The role of harmonised standardiseds cannot be relegated to the background, since they provide the easier route to evidencing conformity with the MDD.

Jim Bloedau BSMT, RRT, CPHIMS
Founder Information Advantage Group
Anil: Excellent clarity and guidance. Thanks so much.

Anil Bhalani
Consultant – Regulatory Affairs/Quality Assurance
ISO 13485, MEDICAL DEVICES – QUALITY MANAGEMENT SYSTEMS – REQUIREMENTS FOR REGULATORY PURPOSES is a quality system for medical devices. This International Standard specifies requirements for a quality management system that can be used by an organization for the design and development, production, installation and servicing of medical devices, and the design, development, and provision of related services.

If you manufacture components, ISO 13485 does not apply. ISO 9008 is more appropriate. And as a component manufacturer, having ISO 9001 certification is also not mandatory. Your customers may mandate this if you want their business. Your customer is required to assure that you have systems and procedures to assure that you will supply a good product/service.

Also to make the conversation interesting, I will say this, which consultants and notified bodies will not tell you for the fear of losing revenue, I guess: ISO 13485 is not a mandatory requirement for a company selling medical devices in the USA or Europe or even if you want to obtain a CE Mark for your medical device. In the USA compliance to QSR is mandatory. In the EU, complying to Medical Device Directive (MDD) is mandatory. MDD states that the manufacturer will maintain a quality system. FDA’s QSR is a quality system or you can create a custom one too. However, if you sell medical devices in Canada, you are mandated to have an ISO 13485 system certified by a CMDCAS certified notified body (not registrar)

Hope this helps…..Go with ISO 9001 until you start to make a medical device or start an activity listed in the first paragraph directly related with the design and development or manufacture of a medical device. As a battery manufacturer, you should be concerned with RoHS and WEEE and REACH. ISO 9001 is icing or I guess expected today. You should also think of ISO 14001 for a good environment. MDD, RoHS and WEEE are mandatory….they are not standards but EU Directives….equivalent to what we call laws in the USA. You can be penalized for non-compliance although there is no history of such for non-compliance to WEEE and RoHS that I know off.

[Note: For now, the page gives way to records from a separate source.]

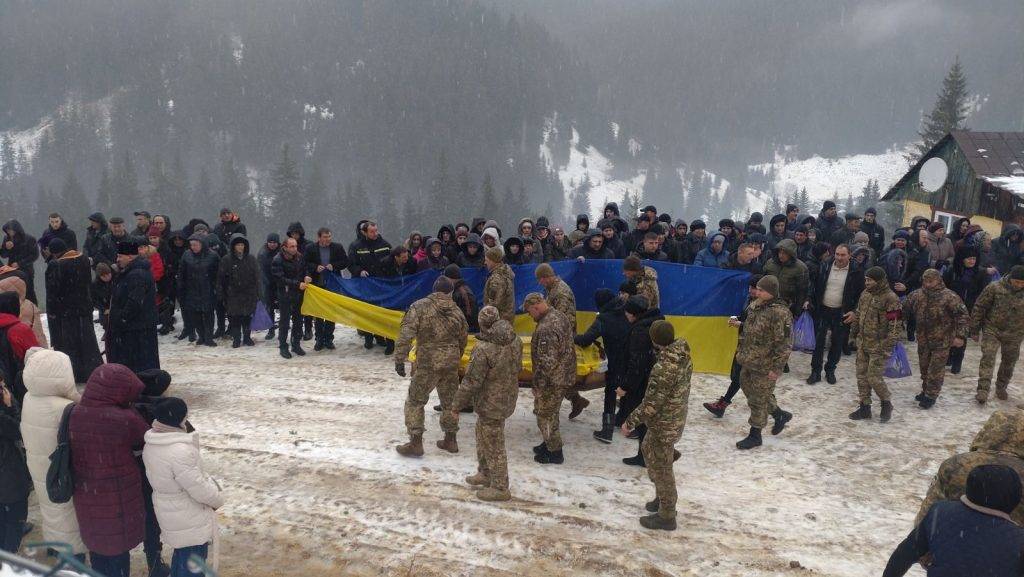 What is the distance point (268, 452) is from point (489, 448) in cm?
286

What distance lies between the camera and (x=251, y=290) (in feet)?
37.5

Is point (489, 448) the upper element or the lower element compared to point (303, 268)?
lower

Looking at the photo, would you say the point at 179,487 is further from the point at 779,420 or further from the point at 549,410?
the point at 779,420

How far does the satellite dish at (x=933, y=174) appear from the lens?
1046 inches

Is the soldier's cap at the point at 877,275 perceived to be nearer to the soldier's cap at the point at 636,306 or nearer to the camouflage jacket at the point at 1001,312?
the camouflage jacket at the point at 1001,312

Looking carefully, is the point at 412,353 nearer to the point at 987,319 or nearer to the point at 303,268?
the point at 303,268

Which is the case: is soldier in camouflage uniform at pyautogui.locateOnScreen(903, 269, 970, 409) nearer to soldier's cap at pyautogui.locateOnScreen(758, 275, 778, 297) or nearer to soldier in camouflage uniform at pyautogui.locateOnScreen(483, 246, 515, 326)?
soldier's cap at pyautogui.locateOnScreen(758, 275, 778, 297)

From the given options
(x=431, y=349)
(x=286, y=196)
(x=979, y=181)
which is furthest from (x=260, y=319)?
(x=286, y=196)

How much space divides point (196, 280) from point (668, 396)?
9.26m

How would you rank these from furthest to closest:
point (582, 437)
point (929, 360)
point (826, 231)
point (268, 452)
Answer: point (826, 231), point (929, 360), point (582, 437), point (268, 452)

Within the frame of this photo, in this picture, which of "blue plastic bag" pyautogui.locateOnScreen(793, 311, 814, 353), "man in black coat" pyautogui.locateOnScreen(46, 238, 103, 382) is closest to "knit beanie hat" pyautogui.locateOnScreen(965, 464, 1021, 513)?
"blue plastic bag" pyautogui.locateOnScreen(793, 311, 814, 353)

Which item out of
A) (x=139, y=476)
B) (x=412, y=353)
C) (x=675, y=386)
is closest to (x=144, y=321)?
(x=412, y=353)

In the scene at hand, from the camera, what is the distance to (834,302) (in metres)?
9.31

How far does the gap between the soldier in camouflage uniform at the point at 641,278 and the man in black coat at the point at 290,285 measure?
611 cm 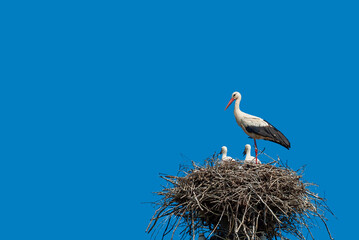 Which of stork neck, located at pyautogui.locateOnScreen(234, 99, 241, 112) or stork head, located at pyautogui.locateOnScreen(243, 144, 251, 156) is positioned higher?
stork neck, located at pyautogui.locateOnScreen(234, 99, 241, 112)

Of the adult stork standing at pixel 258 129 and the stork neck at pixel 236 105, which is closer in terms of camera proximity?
the adult stork standing at pixel 258 129

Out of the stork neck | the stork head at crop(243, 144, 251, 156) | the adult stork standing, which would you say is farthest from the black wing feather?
the stork neck

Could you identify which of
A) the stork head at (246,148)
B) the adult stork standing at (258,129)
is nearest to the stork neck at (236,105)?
the adult stork standing at (258,129)

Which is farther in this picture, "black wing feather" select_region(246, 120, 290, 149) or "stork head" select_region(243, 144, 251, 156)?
"stork head" select_region(243, 144, 251, 156)

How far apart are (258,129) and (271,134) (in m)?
0.23

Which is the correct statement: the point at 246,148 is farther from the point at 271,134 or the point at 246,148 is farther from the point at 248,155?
the point at 271,134

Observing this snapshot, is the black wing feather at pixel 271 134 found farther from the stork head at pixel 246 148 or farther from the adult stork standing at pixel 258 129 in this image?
the stork head at pixel 246 148

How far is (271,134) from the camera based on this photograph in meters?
13.6

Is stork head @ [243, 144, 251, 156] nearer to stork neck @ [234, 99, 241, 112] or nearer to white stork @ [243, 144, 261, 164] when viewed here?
white stork @ [243, 144, 261, 164]

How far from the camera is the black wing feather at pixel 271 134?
1352 cm

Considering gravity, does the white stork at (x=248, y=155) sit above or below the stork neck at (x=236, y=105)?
below

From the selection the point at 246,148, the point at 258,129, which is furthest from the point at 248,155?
the point at 258,129

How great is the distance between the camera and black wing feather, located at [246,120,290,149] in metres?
13.5

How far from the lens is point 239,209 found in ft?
38.4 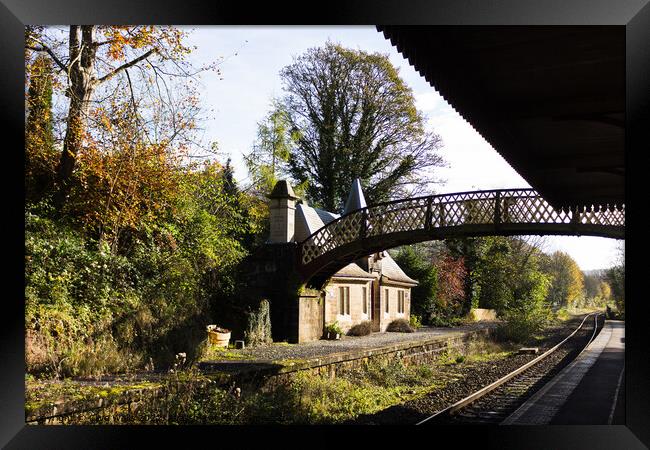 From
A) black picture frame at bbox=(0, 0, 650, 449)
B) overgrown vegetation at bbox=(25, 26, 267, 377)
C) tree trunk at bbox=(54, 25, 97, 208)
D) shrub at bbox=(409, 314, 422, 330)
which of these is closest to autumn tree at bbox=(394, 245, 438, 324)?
shrub at bbox=(409, 314, 422, 330)

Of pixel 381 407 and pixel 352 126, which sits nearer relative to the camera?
pixel 381 407

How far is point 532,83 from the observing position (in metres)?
5.32

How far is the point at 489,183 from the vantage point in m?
11.9

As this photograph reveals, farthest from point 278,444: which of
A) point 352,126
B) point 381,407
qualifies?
point 352,126

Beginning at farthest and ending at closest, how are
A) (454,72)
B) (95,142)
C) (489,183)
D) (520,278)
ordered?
(520,278) < (489,183) < (95,142) < (454,72)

Tell the person who is asking you to get ISO 13485 that he is nuts! If it makes it easy, tell him that I said that he should leave the quality and regulatory business to professionals.

Joseph Wilson
Medical Device Manufacturing Professional
Like I said, are you sure you want to do this?

Locke Bailey
Consultant – DHF Remediation Quality Engineer at Baxter International Inc.
Back up a minute…. You can have any of those documents (DMR,DHF, DHR) until you’ve developed a “Medical Device”. To develop a medical device look up the requirements of developing a medical device and follow the “Design Control” protocols.

Graham Ball
Quality & Approvals Consultant
Hi David
I see where you are coming from – the device is actually an intelligent battery which our customer integrates and installs into the medical equipment (non invasive). The customers we have are saying they want us to be ISO13485 certified, hence the reason we have started on this path. We do already do CE marking, UL etc., so with you there.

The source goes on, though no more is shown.